Had a fella tell me he has caught many yotes in a live trap.Just wondering if anyone here on the forum has and how you did it.This man said he used a live trap with a live chicken in it in a separate compartment.I did this once many years ago and caught some kind of vermin that tore the trap up and got out.I think it was a cat.


----------



## childers (Nov 22, 2010)

go to tractor supply and buy one of those. they cost 159.99. they work if they have the chicken in them.....live


----------



## yoteman (Nov 23, 2010)

i want to see a picture because u ain't gonna make a yote go in a box but every once in a blue moon! professional trappers in states that can only box trap only catch 2 or 3 a year in a box and they are built different than the tsc traps.


----------



## childers (Nov 23, 2010)

yeah its just about impossible


----------



## KevTN (Nov 23, 2010)

I bought a large trap last year with a bait compartment in the back.  I put a live chicken in the back.  Long story short, After I tried the trap in several places Im not convinced I even come close to trapping a coyote.

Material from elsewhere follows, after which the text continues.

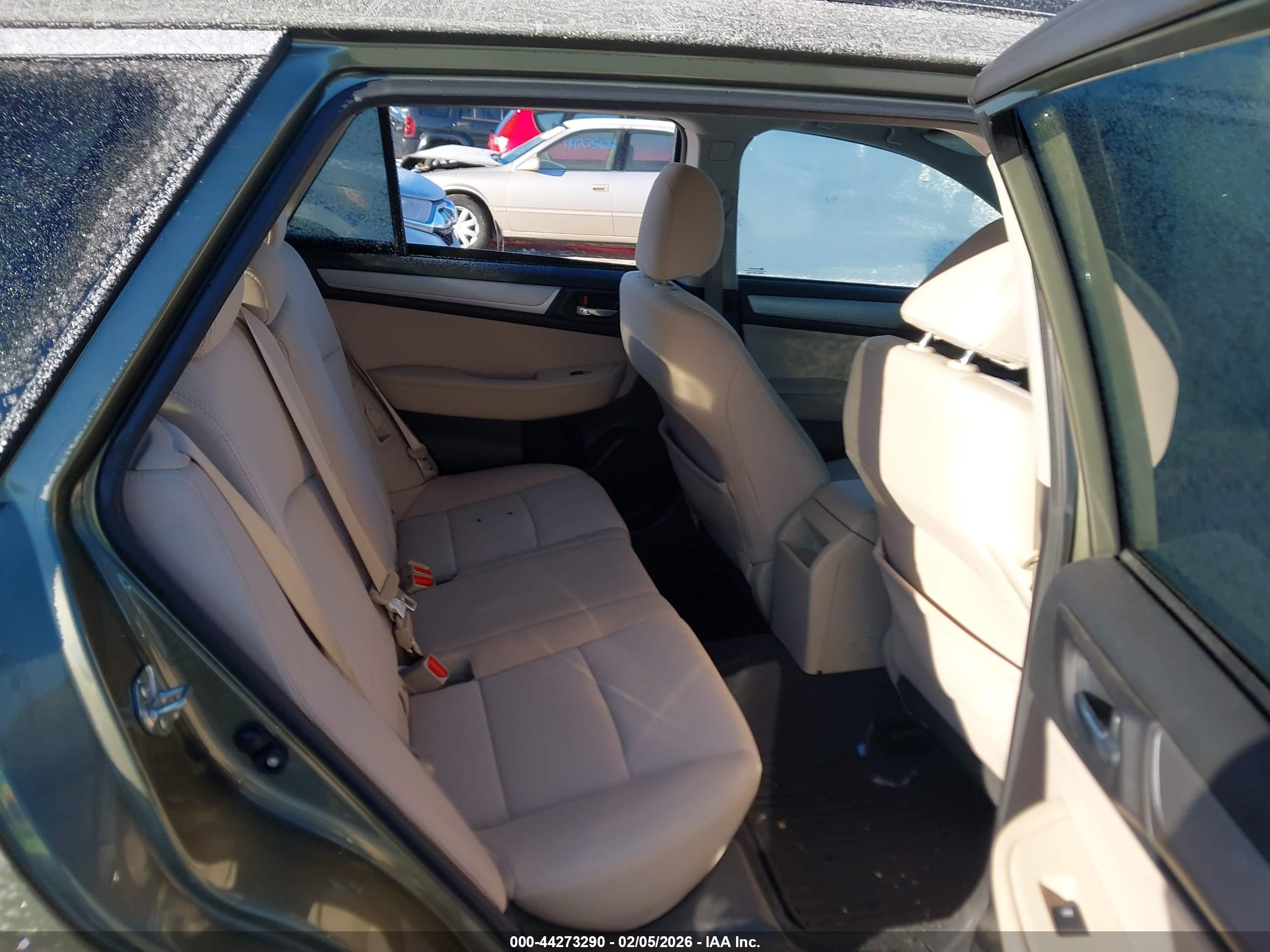 SUBARU OUTBACK image 8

I have caught multitudes of coon and possums in live traps but I think it would have to be special circumstances to catch a coyote in one!


----------



## CAL (Nov 23, 2010)

The trap I built years ago was round with a compartment in the center of it where I put the rooster.I found a brier patch so thick I cut a hole in it the trap fit in.There was only one way to the trap.I caught a something that tore up the trap!


----------



## watashot89 (Nov 23, 2010)

Leg holds. Don't waste your time with cage traps.


----------



## Coastie (Nov 25, 2010)

Nothing is impossible and there are some situations that demand that you try things that others refuse to do because for them it is impractical. Trapping in subdivisions and other heavily populated areas sometimes requires you to do things that are not considered to be good procedure by those that trap on a regular basis. If you want to try a live trap for coyotes follow just a few rules and have a lot of patience. Set the trap on a solid foundation, sift dirt over the floor so the wire bottom does not show and cannot be felt, drape the trap with either camo cloth or use native materials such as brush and long grasses to mask the outline and use good scent control while handling the trap. Leg hold traps and conibears are by far the preferred method but sometimes you just can't do what others insist is the only way to get the job done. For more information on using live traps for coyotes, visit the USDAFS nuisance control manual for illustrated instructions and advice.
http://www.fs.fed.us/pnw/pubs/gtr332/ This is a huge file so it is downloaded in two sections but it has a lot of useful information.


----------